**Task goal:** After reading the entries below, copy word for word the lines from the first through the line containing "Used 2023 Toyota", and stop there.

**Dataset:**
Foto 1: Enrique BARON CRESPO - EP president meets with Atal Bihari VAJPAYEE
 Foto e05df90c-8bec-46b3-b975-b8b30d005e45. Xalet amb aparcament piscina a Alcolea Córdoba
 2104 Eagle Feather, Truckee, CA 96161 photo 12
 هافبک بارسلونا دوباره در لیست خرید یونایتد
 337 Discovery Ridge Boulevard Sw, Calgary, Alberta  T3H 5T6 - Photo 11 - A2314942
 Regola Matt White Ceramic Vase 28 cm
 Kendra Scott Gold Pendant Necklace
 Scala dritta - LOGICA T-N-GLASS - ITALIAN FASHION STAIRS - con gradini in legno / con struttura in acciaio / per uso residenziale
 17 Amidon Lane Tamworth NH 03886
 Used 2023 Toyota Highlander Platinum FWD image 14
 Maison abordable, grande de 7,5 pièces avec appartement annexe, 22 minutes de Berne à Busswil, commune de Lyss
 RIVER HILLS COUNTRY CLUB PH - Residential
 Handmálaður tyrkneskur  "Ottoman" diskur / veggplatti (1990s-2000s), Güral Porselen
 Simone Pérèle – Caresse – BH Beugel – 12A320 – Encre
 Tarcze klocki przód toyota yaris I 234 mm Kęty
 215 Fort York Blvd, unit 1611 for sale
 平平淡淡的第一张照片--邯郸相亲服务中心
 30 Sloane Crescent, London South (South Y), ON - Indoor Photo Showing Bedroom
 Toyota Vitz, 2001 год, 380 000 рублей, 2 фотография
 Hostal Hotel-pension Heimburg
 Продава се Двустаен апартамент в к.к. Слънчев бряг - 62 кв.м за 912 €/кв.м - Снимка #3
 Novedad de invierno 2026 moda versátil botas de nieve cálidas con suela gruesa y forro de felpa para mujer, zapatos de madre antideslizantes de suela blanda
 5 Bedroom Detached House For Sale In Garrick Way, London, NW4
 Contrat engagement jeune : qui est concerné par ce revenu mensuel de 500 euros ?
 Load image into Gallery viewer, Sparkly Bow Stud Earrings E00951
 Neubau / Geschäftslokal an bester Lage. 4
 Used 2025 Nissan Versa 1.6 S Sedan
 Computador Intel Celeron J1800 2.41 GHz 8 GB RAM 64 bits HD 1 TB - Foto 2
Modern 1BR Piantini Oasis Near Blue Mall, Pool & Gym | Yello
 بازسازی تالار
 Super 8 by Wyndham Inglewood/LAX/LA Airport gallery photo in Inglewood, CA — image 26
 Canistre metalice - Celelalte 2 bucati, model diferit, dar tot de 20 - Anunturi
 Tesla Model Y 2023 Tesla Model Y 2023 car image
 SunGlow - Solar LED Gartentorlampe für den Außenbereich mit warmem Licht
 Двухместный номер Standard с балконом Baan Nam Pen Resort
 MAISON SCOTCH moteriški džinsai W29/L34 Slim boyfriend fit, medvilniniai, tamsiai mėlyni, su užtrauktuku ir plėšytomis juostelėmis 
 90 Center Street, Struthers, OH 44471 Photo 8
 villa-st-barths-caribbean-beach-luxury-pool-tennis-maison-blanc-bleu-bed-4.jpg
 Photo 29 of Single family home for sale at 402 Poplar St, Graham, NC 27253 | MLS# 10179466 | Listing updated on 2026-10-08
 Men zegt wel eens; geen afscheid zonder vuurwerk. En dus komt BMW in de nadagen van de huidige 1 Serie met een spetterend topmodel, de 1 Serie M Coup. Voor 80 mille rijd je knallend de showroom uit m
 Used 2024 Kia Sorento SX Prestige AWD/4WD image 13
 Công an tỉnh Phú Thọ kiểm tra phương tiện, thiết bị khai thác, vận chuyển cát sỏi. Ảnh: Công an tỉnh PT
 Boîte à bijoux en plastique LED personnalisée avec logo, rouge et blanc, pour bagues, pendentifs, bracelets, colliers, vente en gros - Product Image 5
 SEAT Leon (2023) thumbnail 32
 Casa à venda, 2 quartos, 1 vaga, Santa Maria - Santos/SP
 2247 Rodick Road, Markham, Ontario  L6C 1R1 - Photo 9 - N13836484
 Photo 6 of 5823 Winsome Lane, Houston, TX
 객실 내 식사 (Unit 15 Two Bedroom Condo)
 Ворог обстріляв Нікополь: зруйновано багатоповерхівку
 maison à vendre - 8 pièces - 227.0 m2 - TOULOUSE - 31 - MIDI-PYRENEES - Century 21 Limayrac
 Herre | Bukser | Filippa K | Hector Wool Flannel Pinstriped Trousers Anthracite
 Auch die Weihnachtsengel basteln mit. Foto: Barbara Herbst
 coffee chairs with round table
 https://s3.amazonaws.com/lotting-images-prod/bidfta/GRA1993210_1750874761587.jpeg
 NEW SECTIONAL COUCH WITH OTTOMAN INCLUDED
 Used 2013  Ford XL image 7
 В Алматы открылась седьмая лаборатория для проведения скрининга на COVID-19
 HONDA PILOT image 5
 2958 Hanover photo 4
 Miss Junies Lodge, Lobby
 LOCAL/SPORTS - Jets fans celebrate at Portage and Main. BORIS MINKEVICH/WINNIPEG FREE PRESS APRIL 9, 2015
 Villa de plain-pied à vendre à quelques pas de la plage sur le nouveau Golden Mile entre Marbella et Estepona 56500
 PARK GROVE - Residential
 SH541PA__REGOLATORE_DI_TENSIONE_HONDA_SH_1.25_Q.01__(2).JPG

**Expected output:**
Foto 1: Enrique BARON CRESPO - EP president meets with Atal Bihari VAJPAYEE
 Foto e05df90c-8bec-46b3-b975-b8b30d005e45. Xalet amb aparcament piscina a Alcolea Córdoba
 2104 Eagle Feather, Truckee, CA 96161 photo 12
 هافبک بارسلونا دوباره در لیست خرید یونایتد
 337 Discovery Ridge Boulevard Sw, Calgary, Alberta  T3H 5T6 - Photo 11 - A2314942
 Regola Matt White Ceramic Vase 28 cm
 Kendra Scott Gold Pendant Necklace
 Scala dritta - LOGICA T-N-GLASS - ITALIAN FASHION STAIRS - con gradini in legno / con struttura in acciaio / per uso residenziale
 17 Amidon Lane Tamworth NH 03886
 Used 2023 Toyota Highlander Platinum FWD image 14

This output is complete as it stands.